Prediction methods are categorized in three - Non-optimizing, deterministic-optimizing, and stochastic-optimizing.

There are three methods implemented for the NO models. Autoregressive moving average (ARMA), and autoregressive conditional heteroskedasticity (ARCH). There are four parameters users can define:

• steps: Number of timesteps forward to prdict supply and demand (default = 2)
• back_steps: Number of steps backwards from the current timestep to use for the prediction (default = 10)
• supply_std_dev = Standard deviation adjustment for supply (default = 0)
• demand_std_dev = Standard deviation adjustment for demand (default = 0)

The autoregressive moving average method takes a time series and uses an auto regressive term and a moving average term.

The Autoregressive Conditional Heteroskedasticity (ARCH) method predicts the future value by using the observed values of returns or residuals.

There are three methods implemented for the DO models. Polynomial fit regression, simple exponential smoothing, and triple exponential smoothing (holt-winters). There are two parameters users can define:

• back_steps: Number of steps backwards from the current timestep to use for the prediction (default = 10)
• degree : degree of polynomial fit (default = 1)

The polynomial fit regression method fits a polynomial equation of degree k (degree) for the n (back_steps) previous values to predict the next value. A polynomial equation of degree 1 is a linear equation (y = ax + b) This method is suitable for values with a clear trend.

The exponential smoothing method takes the weighted average of past n (back_steps), in which more weight is given to the last observation. This method is suitable for values with no clear trend or pattern.

The triple smoothing method combines three smoothing equations - one for the level, one for trend, and one for the seasonal component - to predict the next value. This method is suitable for values with seasonality.

(EXPERIMENTAL) The method builds a function that represents the data as a sumation of harmonics of different order. In the case of having a set of data that presents oscilations the user should set the degree to 2.

Currently a work in progress

This facility is a test facility for D3ploy. It generates a random amount of supply and demand for commodities, and then reports these using the RecordTimeSeries functions inside of Cyclus.Thus providing a supply and demand to the institutions.

Amount of commodity demanded and supplied can be determined randomly through their minimum and maximum values. If for instance you'd like variability in the production rate of your supply you can set these minimum and maximum values to reflect that.

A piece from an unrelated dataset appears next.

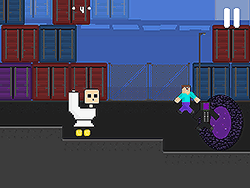 Play Skibidi vs Noob & Cameraman Now - 2 Player :xxx - :yyy Game Screenshot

• demand_commod: This is the commodity that the facility demands in order to operate.
• demand_rate_min: Minimum amount of the demanded commodity needed.
• demand_rate_max: Maximum amount of the demanded commodity needed.
• supply_commod: The commodity that the facility supplies.
• supply_rate_min: Minimum rate of production of the supplied commodity.
• supply_rate_max: Maximum rate of production of the supplied commodity.

• demand_ts: The amount of time steps between demanding material. For example a reactor may only demand material every 18 months.
• supply_ts: The amount of time steps between supplying material.